Sort list of dictionaries based on keys

Question

I want to sort a list of dictionaries based on the presence of keys. Let's say I have a list of keys [key2,key3,key1], I need to order the list in such a way the dictionary with key2 should come first, key3 should come second and with key1 last.

I saw this answer (Sort python list of dictionaries by key if key exists) but it refers to only one key

The sorting is not based on value of the 'key'. It depends on the presence of the key and that too with a predefined list of keys.

Answer 1

Just use sorted using a list like [key1 in dict, key2 in dict, ...] as the key to sort by. Remember to reverse the result, since True (i.e. key is in dict) is sorted after False.

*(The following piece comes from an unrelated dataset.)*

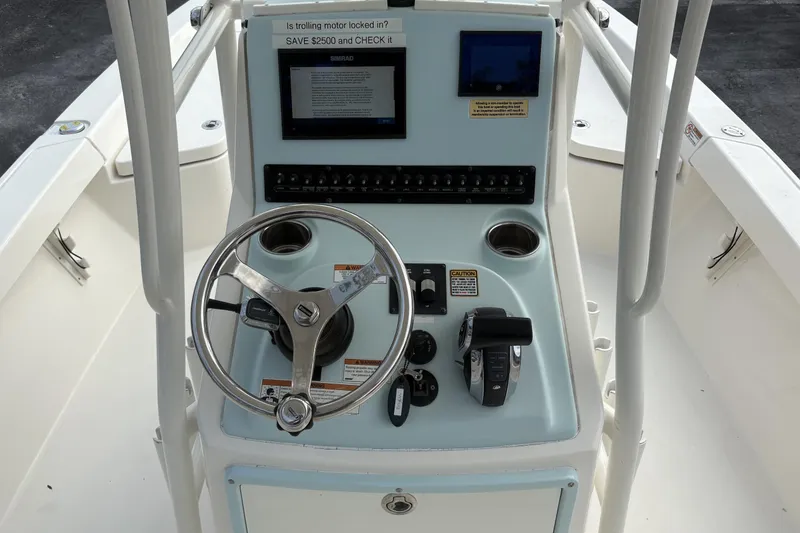 Slide: The Image of 2022 Pathfinder 2400 TRS boat console with steering wheel and controls. - 7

>>> dicts = [{1:2, 3:4}, {3:4}, {5:6, 7:8}]
>>> keys = [5, 3, 1]
>>> sorted(dicts, key=lambda d: [k in d for k in keys], reverse=True)
[{5: 6, 7: 8}, {1: 2, 3: 4}, {3: 4}]

This is using all the keys to break ties, i.e. in above example, there are two dicts that have the key 3, but one also has the key 1, so this one is sorted second.

Answer 2

I'd do this with:

sorted_list = sorted(dict_list, key = lambda d: next((i for (i, k) in enumerate(key_list) if k in d), len(key_list) + 1))

That uses a generator expression to find the index in the key list of the first key that's in each dictionary, then use that value as the sort key, with dicts that contain none of the keys getting len(key_list) + 1 as their sort key so they get sorted to the end.